EXERCISE DETAILS:
Among the lines of data below, reproduce only those from the one with "The Rolex President" through the one with "1975: hikers climbing", exactly as they stand, both ends included.

DATA UNDER STUDY:
==========

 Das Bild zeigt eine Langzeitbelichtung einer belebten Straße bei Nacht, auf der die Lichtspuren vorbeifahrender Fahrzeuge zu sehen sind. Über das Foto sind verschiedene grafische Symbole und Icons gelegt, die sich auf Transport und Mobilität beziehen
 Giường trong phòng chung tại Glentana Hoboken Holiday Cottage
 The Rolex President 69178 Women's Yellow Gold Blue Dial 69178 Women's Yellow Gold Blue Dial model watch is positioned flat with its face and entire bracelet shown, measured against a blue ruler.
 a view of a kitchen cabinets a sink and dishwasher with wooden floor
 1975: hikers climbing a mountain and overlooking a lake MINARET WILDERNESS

==========

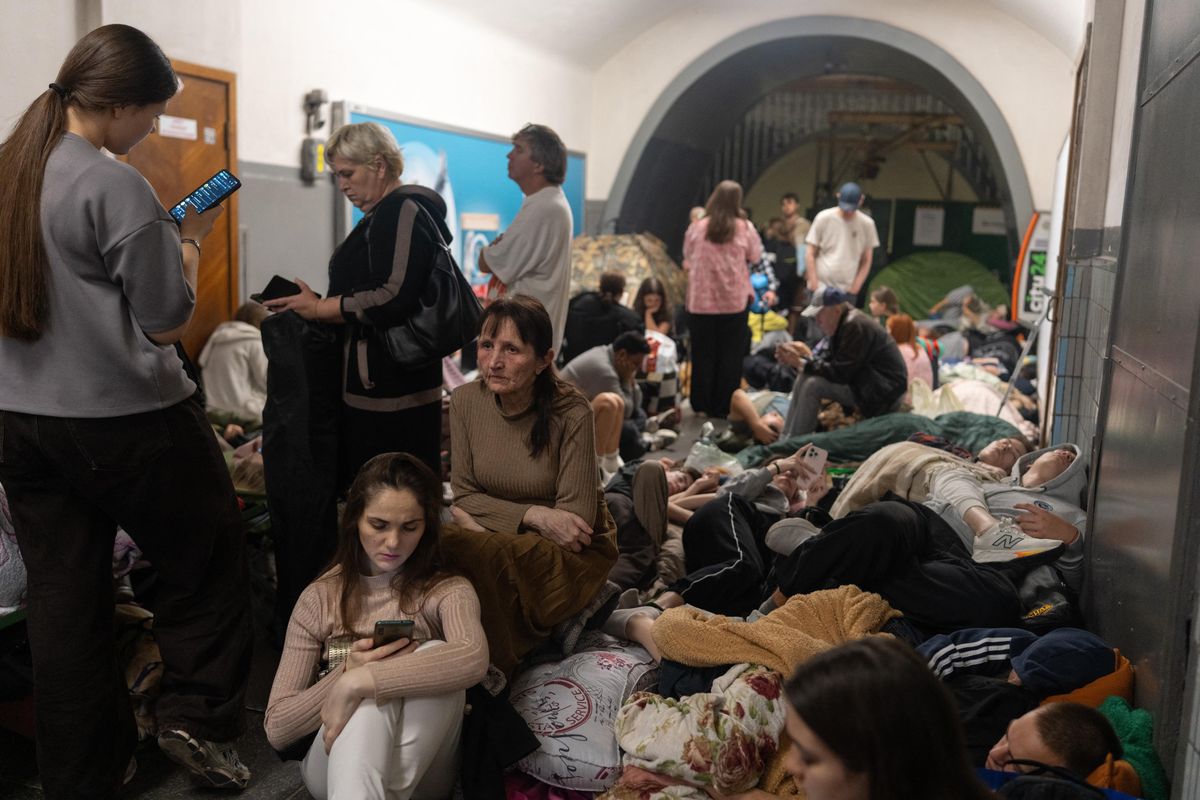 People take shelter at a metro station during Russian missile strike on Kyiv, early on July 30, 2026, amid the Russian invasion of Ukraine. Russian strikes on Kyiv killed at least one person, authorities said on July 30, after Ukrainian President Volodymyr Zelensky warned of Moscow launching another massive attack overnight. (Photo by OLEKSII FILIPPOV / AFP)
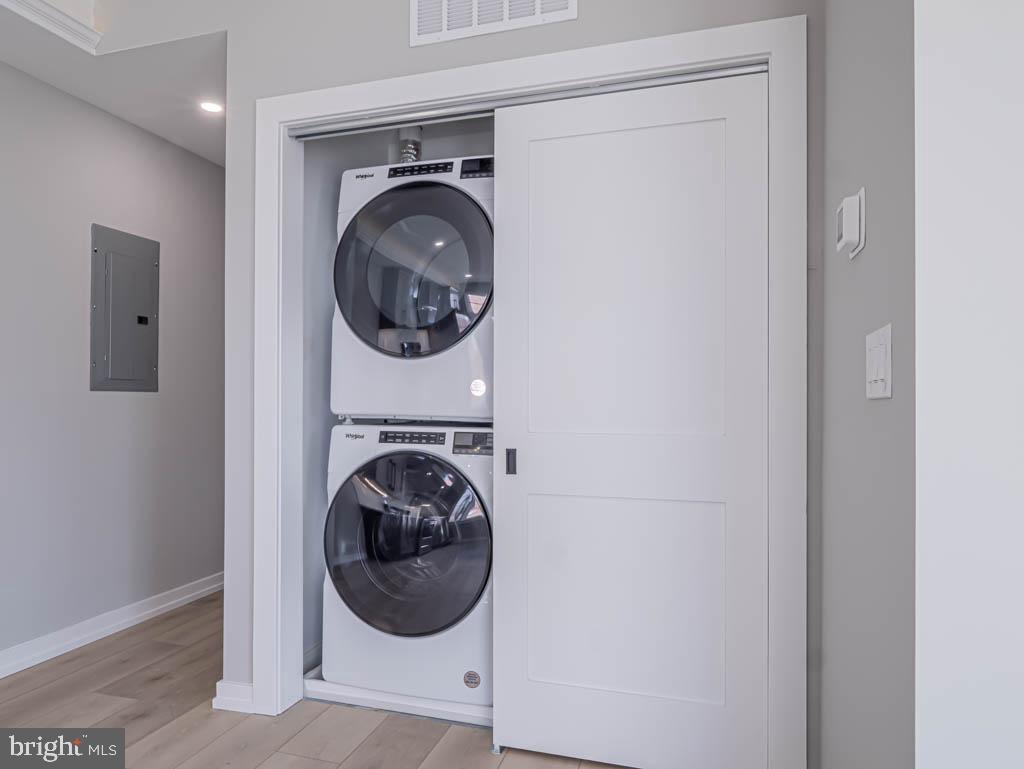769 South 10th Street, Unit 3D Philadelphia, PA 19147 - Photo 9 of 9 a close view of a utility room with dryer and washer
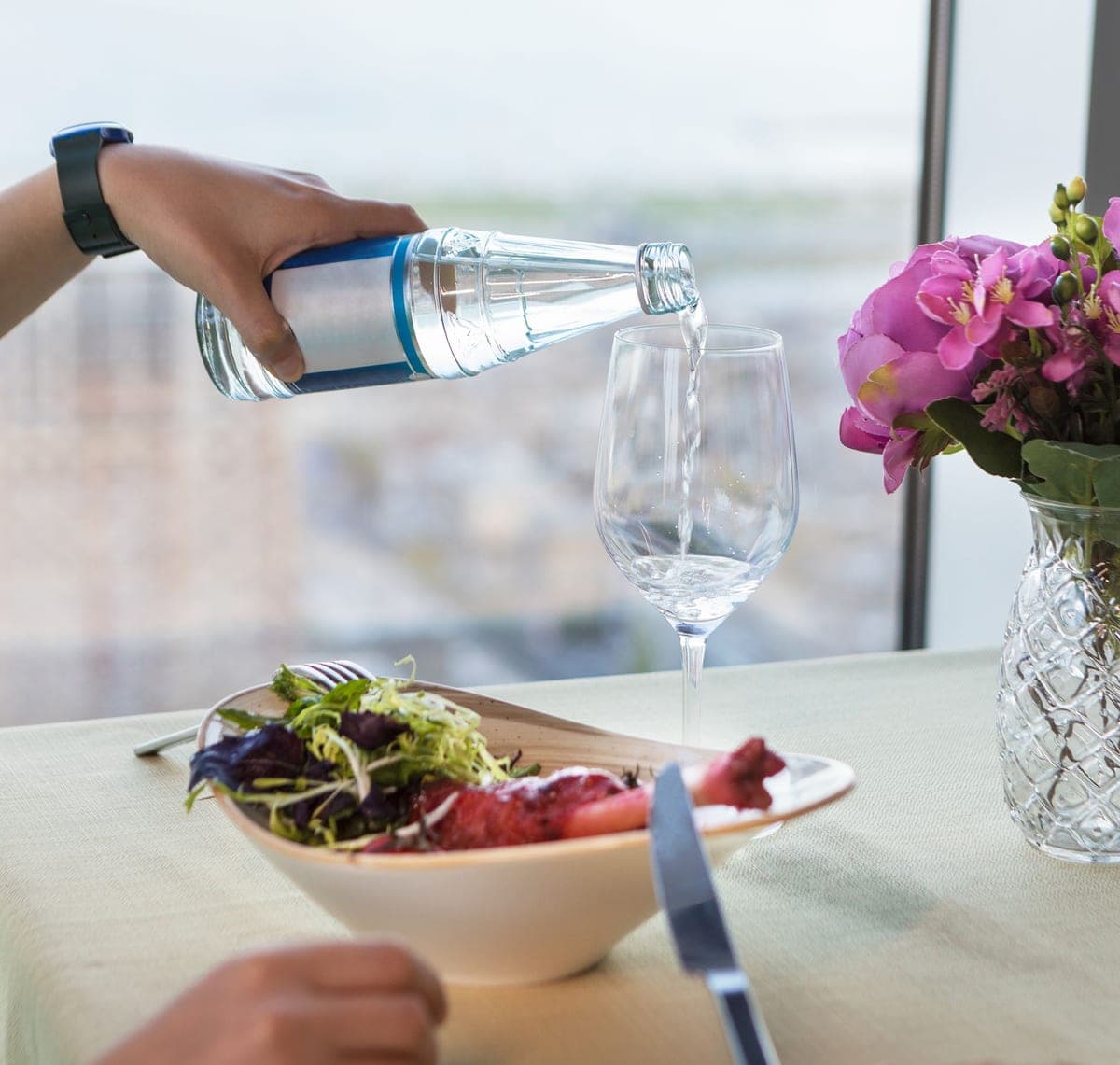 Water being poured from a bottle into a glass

==========

EXERCISE SOLUTION:
 The Rolex President 69178 Women's Yellow Gold Blue Dial 69178 Women's Yellow Gold Blue Dial model watch is positioned flat with its face and entire bracelet shown, measured against a blue ruler.
 a view of a kitchen cabinets a sink and dishwasher with wooden floor
 1975: hikers climbing a mountain and overlooking a lake MINARET WILDERNESS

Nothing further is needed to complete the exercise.